Metropolitan News-Enterprise


Wednesday, May 9, 2018


Page 1


Court of Appeal:

Urging Man Not to Pay Lawyer Is Not Protected Conduct

Anti-SLAPP Order Reversed to the Extent It Insulates Advice to Ignore Lawyer’s Bills


By a MetNews Staff Writer


The Fourth District Court of Appeal yesterday reversed an order striking an entire cause of action for intentional interference with contractual relations as a SLAPP, declaring that that to the extent it’s alleged that a client was counseled not to pay his former attorney, the conduct is not protected.

Writing for Div. Three, Justice Thomas M. Goethals said with respect to the purported advice to leave the bills for legal services unpaid:

“Unlike the other conduct alleged in the complaint, such conduct, if committed, is not ‘protected activity’ under the anti-SLAPP statute. Since this is a separate and distinct theoretical basis for the intentional interference claim, it must survive the anti-SLAPP motions.”

The plaintiff in the action is Kerry L. Sorensen, a Tustin attorney who practices family law. Sorensen represented Paul Leone in an action over personal property brought by Connie McHugh.

The defendants are Stephen A. Madoni, a Newport Beach attorney who handles civil and business litigation, and Charles McHugh, a co-defendant in the action brought by Connie McHugh.

Allegations of Complaint

According to the complaint, Madoni communicated with Leone, notwithstanding knowledge that he was represented by counsel; that Madoni, Leone and Charles McHugh held a meeting without Sorensen’s knowledge; that Leone hired Madoni to replace Sorensen as his lawyer; that the action was settled a short time later; and that Madoni and Charles McHugh advised Leone not to pay Sorensesen.

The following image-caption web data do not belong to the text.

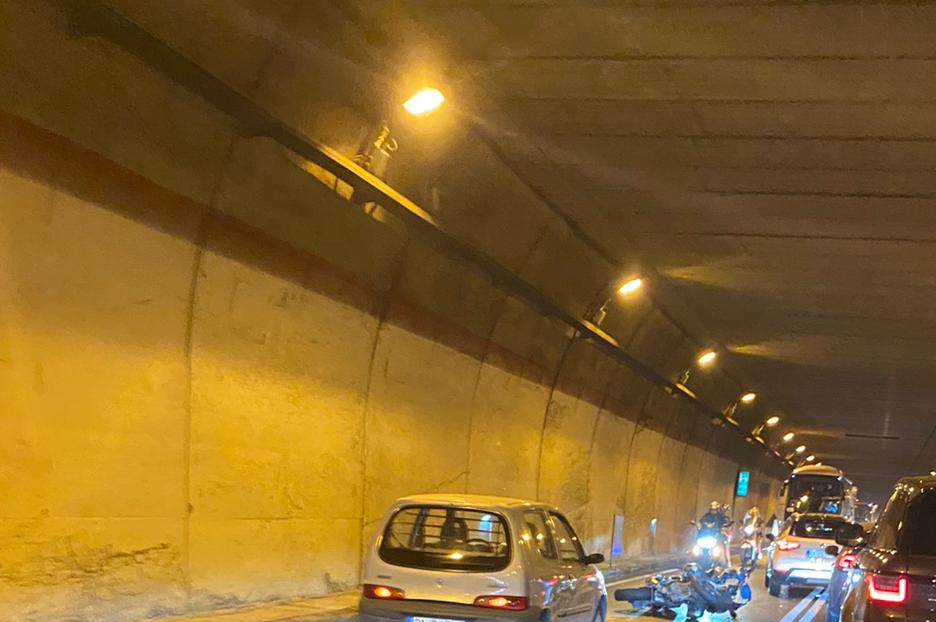 Castellammare, incidente in galleria a Pozzano: un morto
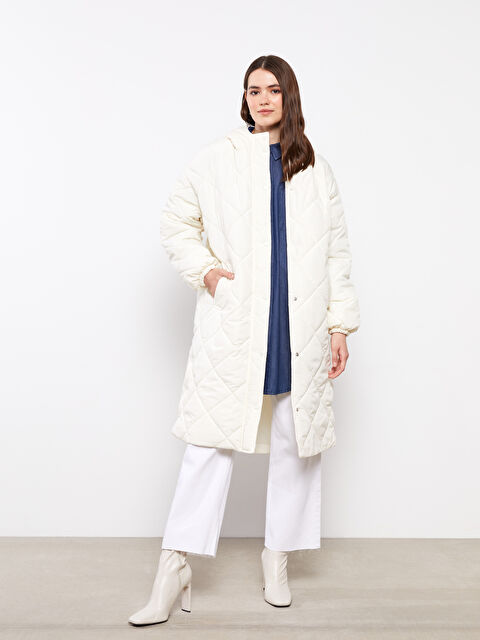 LCW Modest Kapüşonlu Kapitone Desenli Uzun Kollu Kadın Şişme Mont - W2BM42Z8-S23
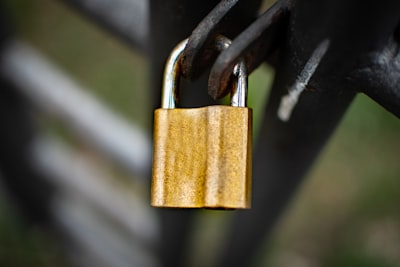 Fallos en seguridad en Chainlit AI permiten robo de datos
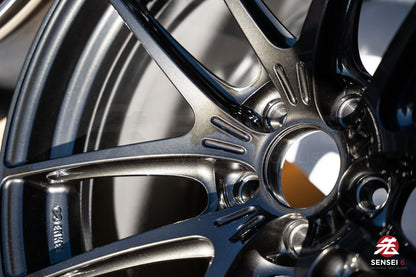 Enkei NVR5 / 18x10.5 +15 / 5x114.3 / Graphite Metallic (GM)
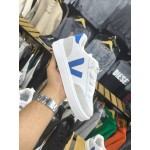 کتونی کف تخت vسفید 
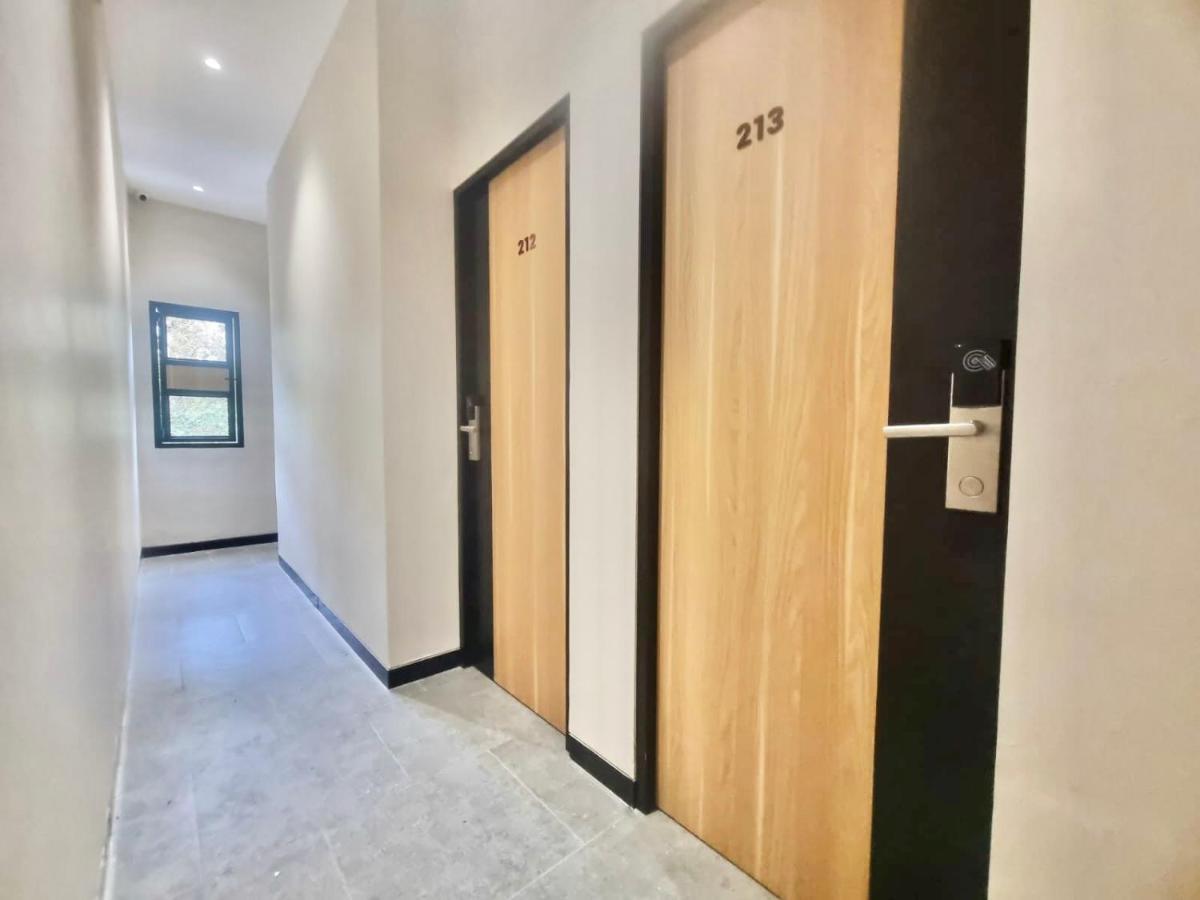 Pringgondani Guesthouse Pandanaran Hills スマラン エクステリア 写真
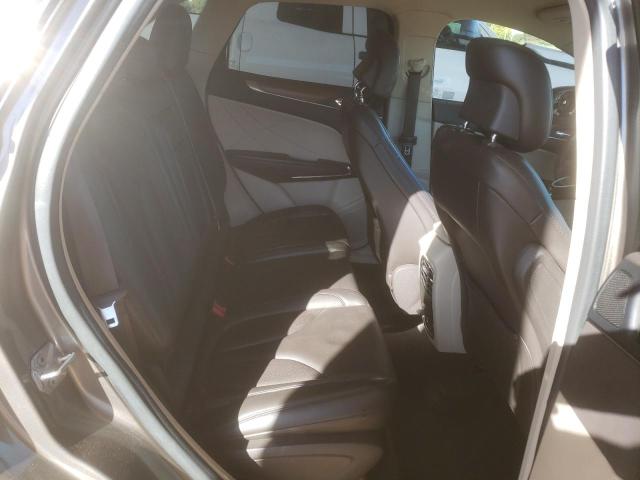 5LMCJ2C99HUL11116 - 2017 LINCOLN MKC SELECT BEIGE photo 6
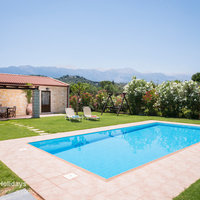 03 Maza Cottage pool and garden with mountain view.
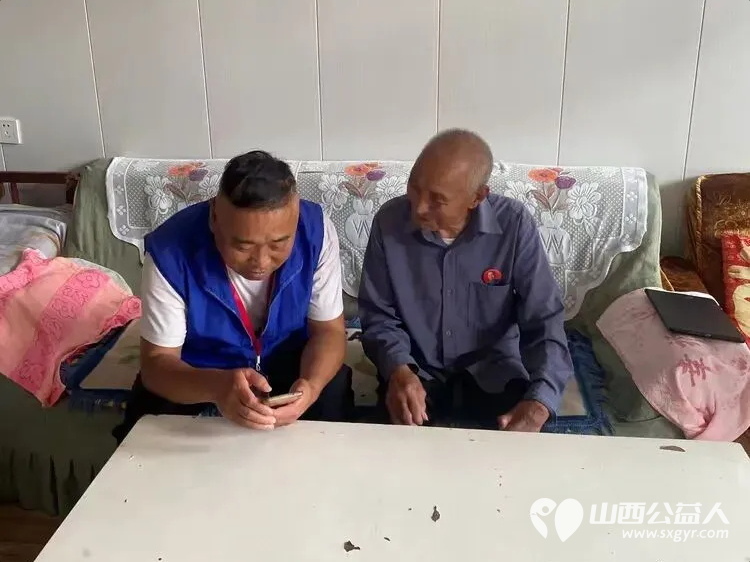 致敬最可爱的人----长治市小雨点公益志愿者协会的志愿者来壶关县树掌镇神北村看望九十七岁高龄的抗战老兵杨良顺去潞州区店上镇枣臻村看望99岁高龄的抗战老兵元占旗 - 第8张 - 山西公益人 致敬最可爱的人----长治市小雨点公益志愿者协会的志愿者来壶关县树掌镇神北村看望九十七岁高龄的抗战老兵杨良顺去潞州区店上镇枣臻村看望99岁高龄的抗战老兵元占旗 - 第8张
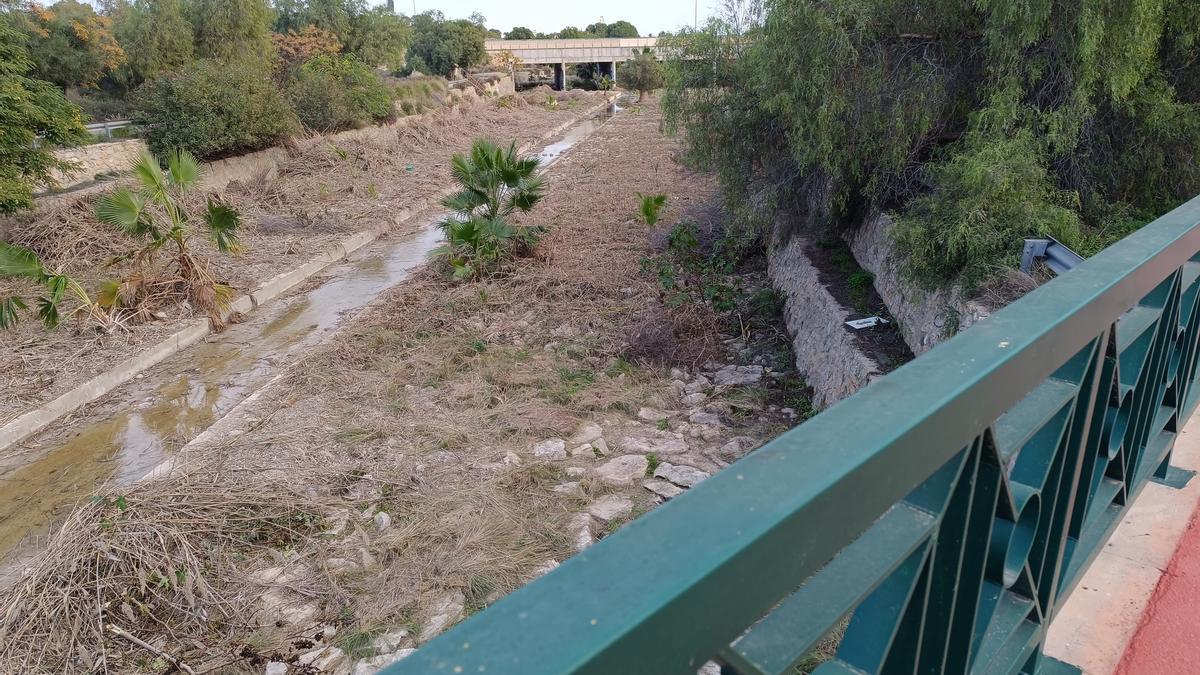 Limpieza del Barranco del Juncaret a su paso por Sant Joan d’Alcacant.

Sorensen filed an anti-SLAPP motion, as did Charles McHugh. Elizabeth Olsen, a temporary judge for the Orange Superior Court, granted the motion, in full.

Goethals cited the California Supreme Court’s 2016 determination in Baral v. Schnitt that an anti-SLAPP motion will lie as to only part of a cause of action. He said that while most of the cause of action for intentional interference with contractual relations satisfied the initial requirement of the anti-SLAPP statute, Code of Civil Procedure §425.16[1]—that the conduct stem from protectected speech or petitioning—part of it didn’t.

‘Stand-Alone Clain’

He wrote, in an unpublished opinion:

“Though pled as a single cause of action, …each means whereby Madoni and Charles [McHugh] allegedly induced Leone to break his contract with Sorensen is a stand-alone claim. Thus, the alleged wrongful, but unprotected, act of inducing Leone not to pay the amount he was contractually obligated to pay Sorensen for legal services already rendered may be separated from the remaining allegations, and that claim remains viable.”

Sorensen argued that an anti-SLAPP motion was unavailable to the defendants based on the California Supreme Court’s 2006 prouncement in Flatley v. Mauro that criminal conduct is unprotected. He pointed to Business and Professions Code §6128 which provides:

“Every attorney is guilty of a misdemeanor who…: [¶] (a) Is guilty of any deceit or collusion, or consents to any deceit or collusion, with intent to deceive the court or any party.”

No Criminal Conduct

Goethals declared:

“Here, Sorensen does not make any connection between section 6128(a) and the alleged actions by Madoni and Charles [McHugh]. Moreover, we fail to find any evidence of an ‘intent to deceive the court or any party.’ Sorensen, the subject of the alleged deception, was an attorney handling the property matter on Leone’s behalf, not a ‘party’ to the pending litigation.”

Communications with respect to the litigation brought by Connie McHugh were protected, Goethals said, proceeding to the second prong of the anti-SLAPP statute: whether the plaintiff can show a probability of prevailing. He said Sorensen did not even try to make such a showing, relating:

“Sorensen fails to meet his burden of demonstrating that these claims have the requisite merit. Apparently choosing to rely on his argument that the anti-SLAPP statute does not apply because of the Flatley rule, Sorensen makes no attempt on appeal, and made none below, to demonstrate any probability of succeeding on the merits. Accordingly, the trial court appropriately granted the anti-SLAPP motions as to the intentional interference with contractual relations claims grounded in the alleged inducement of Leone to (1) enter into a settlement agreement without Sorensen’s knowledge or consent and (2) to substitute Madoni into the civil action as his attorney of record.”

The case is Sorensen v. Madoni, G054440.

Stefanie T. Cover joined Madoni in arguing the case on appeal. Sorensen represented himself.

There was no appearance for Charles McHugh.